*Task description*: The required output is an exact copy of the lines from the one containing "Retro, se Firenze Italia – stockfoto" through the end of the entries below, with pictures removed.

Scraped caption text data:

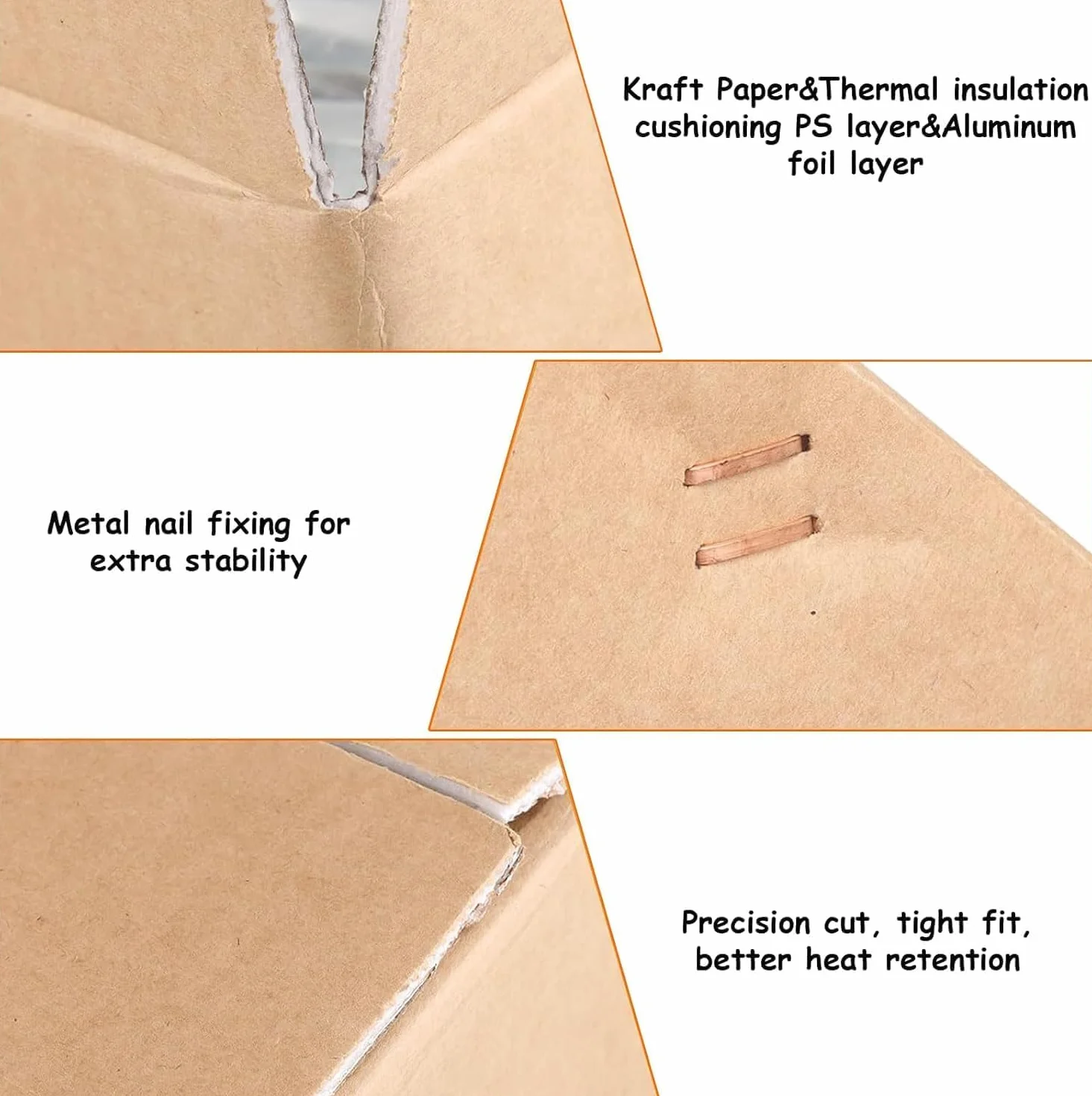 Boîtes d'Expédition Isothermes Lot de 10 21x10,5x13 cm Carton Doublure Thermique Aluminium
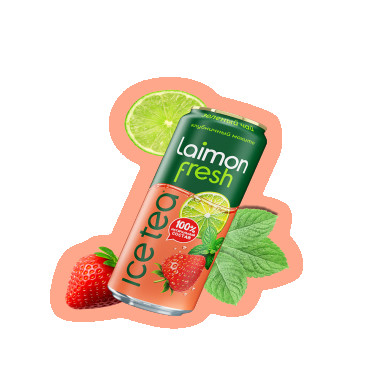Зеленый чай Laimon Fresh клубничный мохито 0,45 л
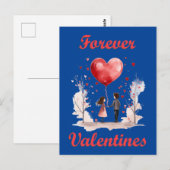 Voor altijd Valentijnse ! Briefkaart (Voorkant / Achterkant)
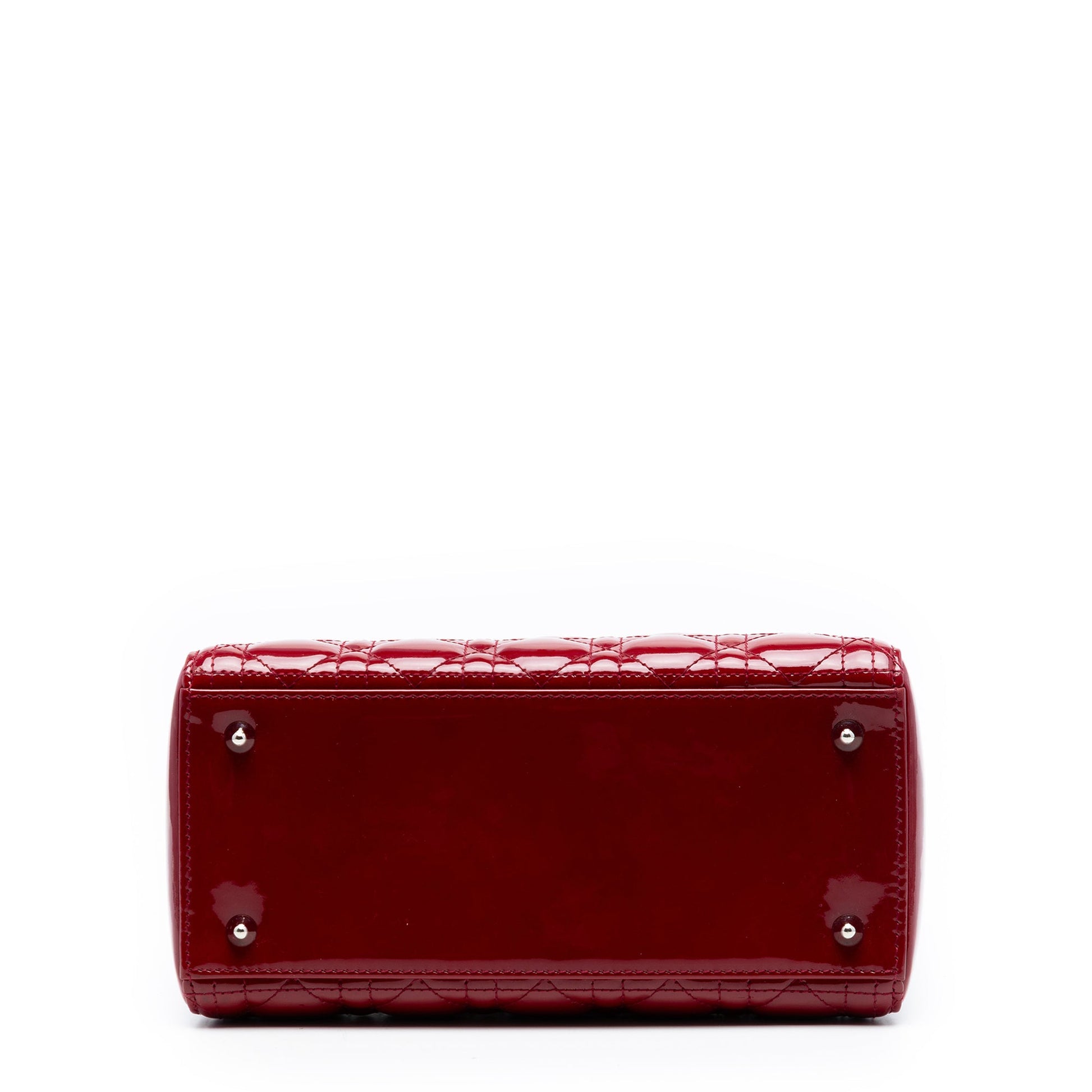 Dior Medium Patent Cannage Lady Dior
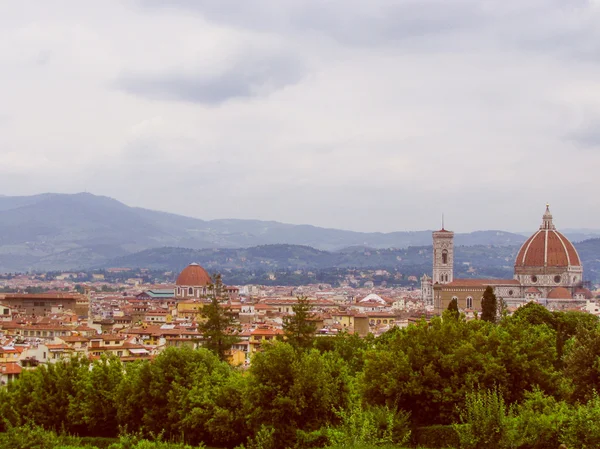 Retro, se Firenze Italia – stockfoto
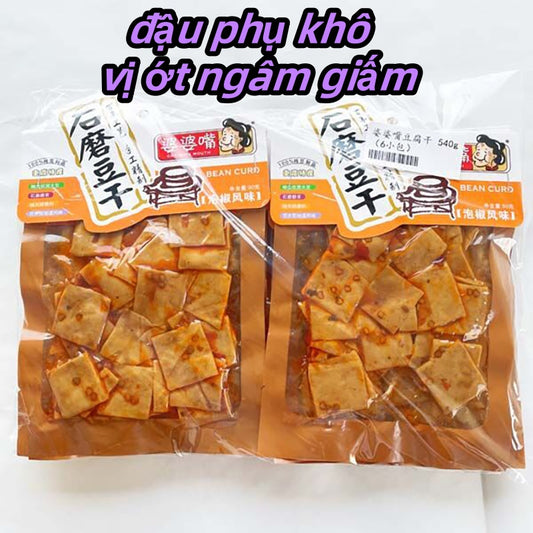 Đậu phụ khô vị ớt ngâm giấm POPOZUI 1 gói nhỏ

*Task response*:
 Retro, se Firenze Italia – stockfoto
 Đậu phụ khô vị ớt ngâm giấm POPOZUI 1 gói nhỏ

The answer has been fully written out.